Risk modelling and analytics specialist RMS has released its estimate for insured property losses from the earthquake that struck the Kumamoto region of Kyushu, Japan in April, putting an estimated range of $800m to $1.2 billion on the event.
The insured loss estimate from RMS is lower than the more typical opinion that insurance and reinsurance markets will likely end up shouldering around $2 billion of losses due to the April 15th Mw7.0 Japan earthquake and the earlier April 14th Mw6.4 earthquake that struck the region.
But RMS’ estimate of insured losses appears based solely on the larger Mw7.0 quake on April 15th, which could explain the lower estimate to a degree. However, market sources have said that it is expected that insurers won’t be able to distinguish between damage from the two quakes resulting in losses being treated as a single event.

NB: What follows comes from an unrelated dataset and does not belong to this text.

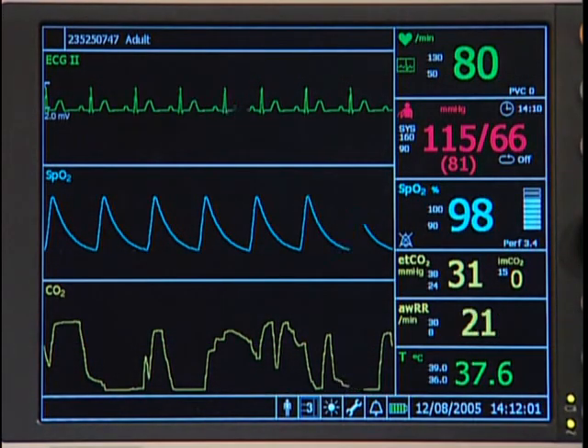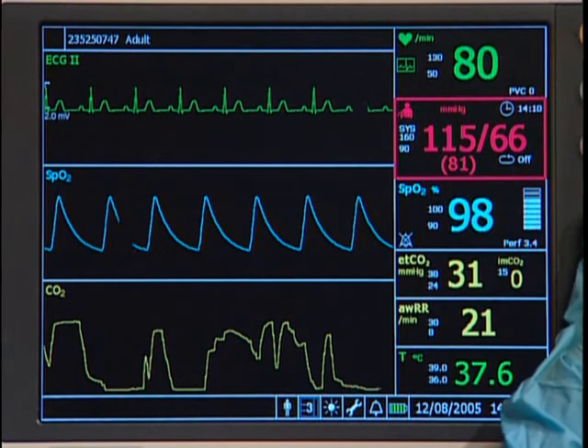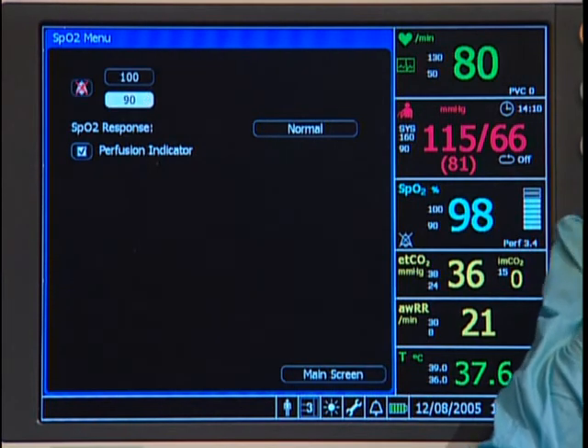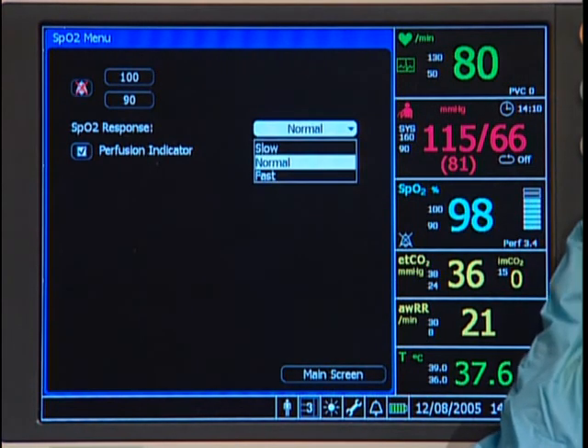To access the SpO2 setup menu, highlight the SpO2 numeric pane and select it. Use this menu to change the response time and the high and low alarm settings.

Fellow risk modelling firm AIR Worldwide put its estimate at $1.7 billion to $2.9 billion of insurance and reinsurance losses, while Aon Benfield’s Impact Forecasting estimated that insurance and reinsurance costs would exceed $2 billion.
At the same time as releasing an estimate of insurance industry losses, RMS has also increased its estimate of economic losses caused by the Japanese earthquakes, raising that figure from the initial estimate of up to $3.5 billion it reported just after the event, to a new range of $5.5 billion to $7.5 billion.
RMS’ insured loss estimate for the quakes, of up to $1.2 billion, is based on assumed insurance penetration rates and solely for physical damage to property due to ground-shaking, fire following the earthquake and liquefaction.
The estimate from RMS does not include insurance losses due to business interruption or alternative living expense impacts, damage to infrastructure, damage to Kumamoto Castle, land damage, workers’ compensation, post-event loss amplification such as economic demand surge and price increases, marine and cargo assets, or auto.
Financial analysts have also pushed for a higher insurance and reinsurance loss, with analysts at J.P. Morgan Cazanove saying the final tally could be as high as $3 billion and that added to other recent global catastrophe events insurance and reinsurance firms catastrophe budgets would be exceeded in the second-quarter.
Renee Lee, senior earthquake engineer at RMS, explained the revised economic loss estimate; “The updated economic damage estimate reflects the evolution of the building damage statistics from the April 14 and 15 events, detailed data gathered through reconnaissance by RMS engineers and scientists, and revisions to the US Geological Survey ShakeMap. Our understanding of the events in Kumamoto takes into account this new information.”
The final cost to insurance and reinsurance markets, as well as any exposed ILS fund or sidecar positions, could take some time to become fully clear. The difference between estimates from agencies is typical, it’s extremely rare for insured loss estimates to align due to differing methodologies and opinions on the science behind the disaster.